エンドロール始まってStandtallの曲が流れる瞬間がすごく好き。
マジック・マイク XXL ブルーレイ&DVDセット(初回仕様/2枚組/デジタルコピー付) [Blu-ray]
監督:グレゴリー・ジェイコブズ
脚本:リード・カロリン
出演:チャニング・テイタム、マット・ボマー、ジョー・マンガニエロ、ケヴィン・ナッシュ、アダム・ロドリゲス
相手も自分ももう若いとは言えない年齢だし、社会的に上手くいっているとはいえない状況で余計なことを言って傷ついたり傷つけたりしたくない。そんな関係性の中で交わされる思いやりにあふれた表面的で冗談めかしたやり取りがなんとも言えない気持ちにさせる。
だからこそ、ふとした瞬間に発せられる一言がさりげなくても大きな意味をもつし、パフォーマンスシーンで爆発する感情が心からの開放感をもたらすのだなと思う。
今見ても思わず涙してしまったりしまうのだけれど、この先10年、20年経ったときにまた見え方が変わってくるんだろうと思わせる作品。
5.ブルー・リベンジ
ブルー・リベンジ [Blu-ray]
監督、脚本:ジェレミー・ソルニエ
出演:メイコン・ブレア、デヴィン・ラトレイ
小太りで内気な主人公が起こす復讐が本当に陰鬱でタイトル通りブルーな気持ちになる。
ふつう復讐譚ではその重苦しさを回避するためにアクションの華麗さなどがあるけれど、そういうのも一切なし。主人公が復讐に至ったその大本の事件の真相が明らかになるほどに、そのどうしようもなさにどんどんつらくなる。

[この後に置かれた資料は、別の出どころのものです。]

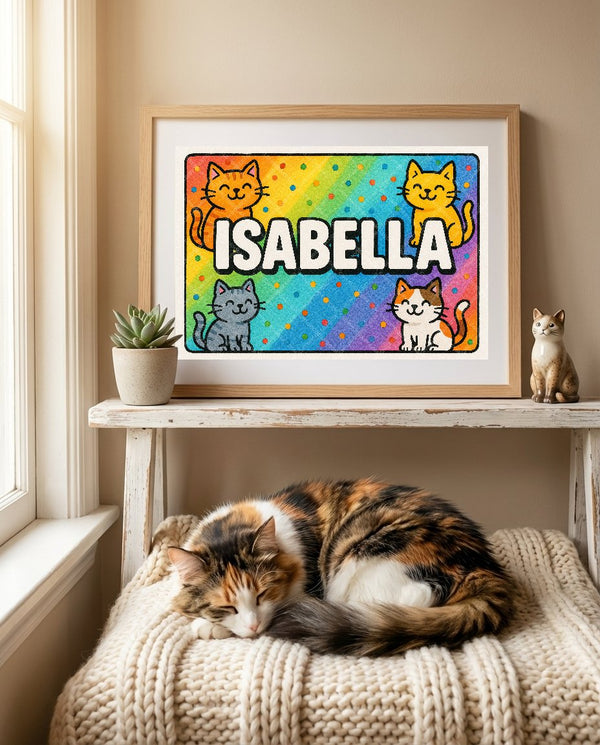 Isabella Colorful Cats Art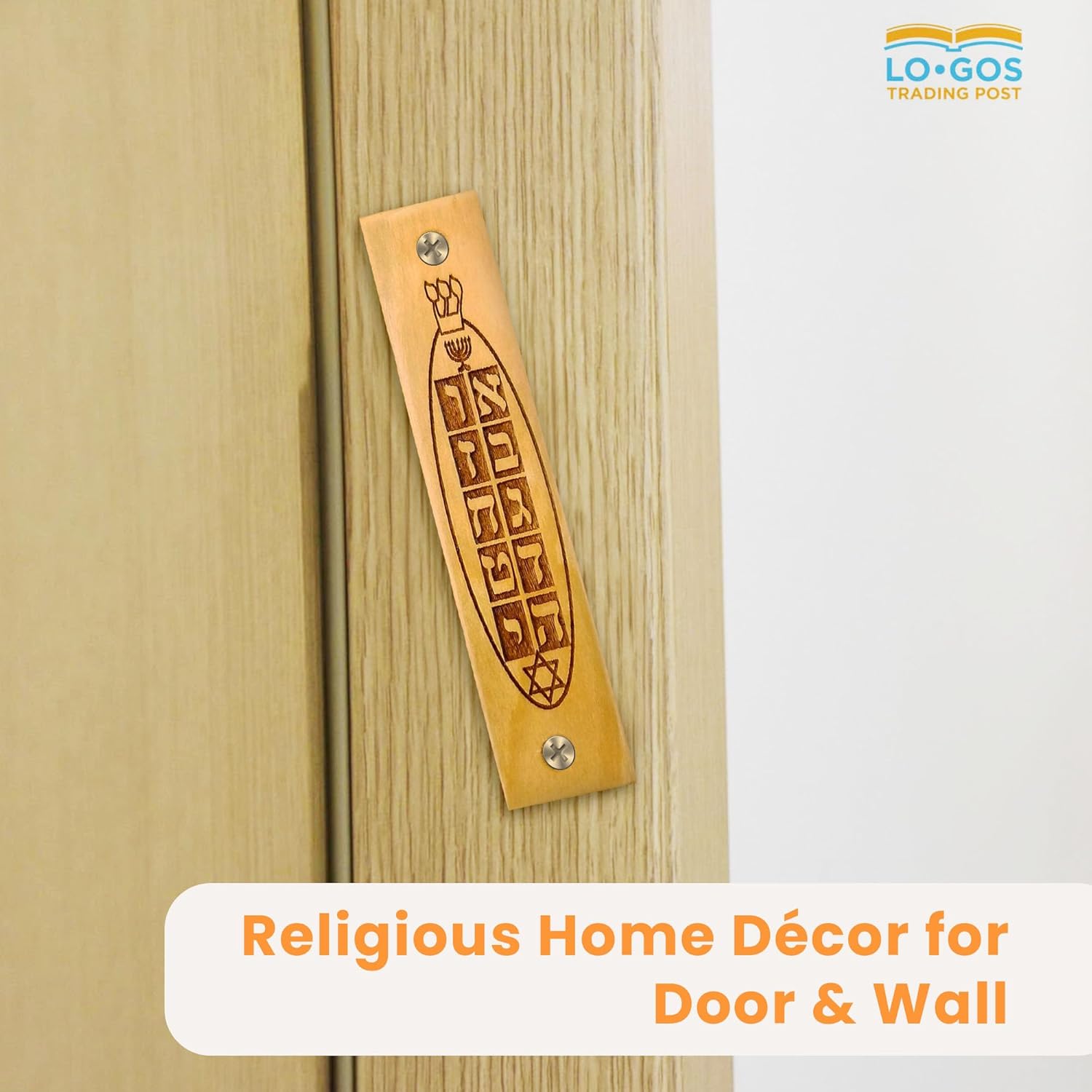 Olive Wood Mezuzah with Scroll and Star of David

ただ素人ならではの下手こいたりなどの緊迫感もきちんとあるし、画面もすごく美しくて、ただの暗い映画にしない、そのバランスがすばらしい。
6.ホワイト・ゴッド 少女と犬の狂詩曲
WHITE GOD
監督、脚本:コルネル・ムンドルッツォ
出演:ジョーフィア・プショッタ、シャーンドル・ジョーテール、ラースロー・ガールフィ、ルーク&ボディ
https://www.instagram.com/p/-qoNg3JBRL/
大体の感想は上のURLに書いてあるけれど、寄る辺のない思春期の少女と愛犬というモチーフの強靭さと、人影の見えないブタペストのまちを疾走する犬たちの姿の強烈さ。

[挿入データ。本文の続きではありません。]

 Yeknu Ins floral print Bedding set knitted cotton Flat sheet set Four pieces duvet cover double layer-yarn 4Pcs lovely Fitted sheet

「雑種」が排除されない世の中になることを祈るしかない。
7.Ex Machina
Ex_Machina [Blu-ray]
監督、脚本:アレックス・ガーランド
出演:ドーナル・グリーソン、オスカー・アイザック、アリシア・ヴィキャンデル
AIと人間の境界線とか、アンドロイドのセクシャリティとはとか、興味深い問題提起をたくさんしている作品だとおもうのですが、個人的にはドーナル・グリーソンとオスカー・アイザックの身体性の対比がおもしろかった。

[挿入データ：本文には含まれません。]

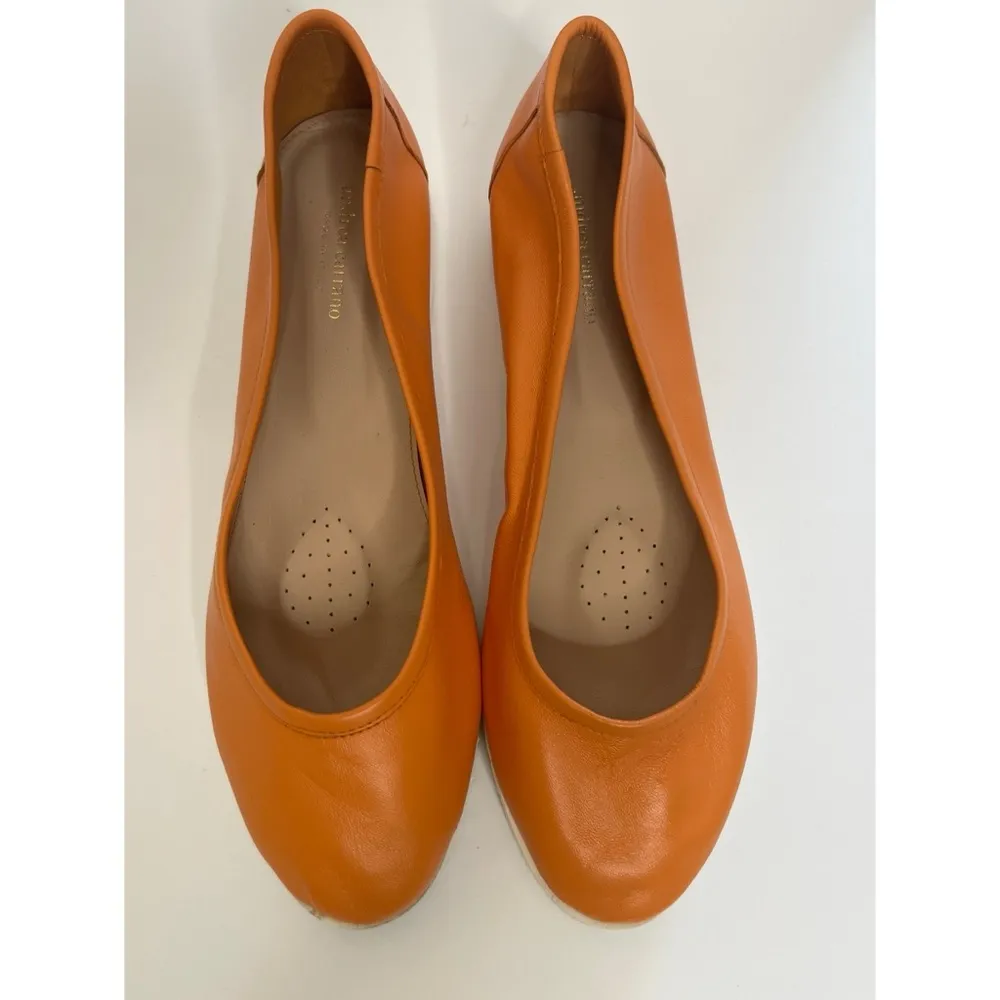 Andrea Carrano Orange Doll Ballerina Rubber Sole Shoes Sz 10 Women - Image 8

ボクササイズとかしちゃって身体的にドライブできるオスカー・アイザックさんと、ヒョロッヒョロでいかにもギークなドーナル・グリーソンさんのその身体性がことあるごとに対比されていて、作中出てくるアンドロイドの造形とも結びついてるんですよね。
そして、その違いがことさらに強調されるダンスシーンがあるのですが、そのシーンのヤダみというか居心地の悪さが素晴らしかった。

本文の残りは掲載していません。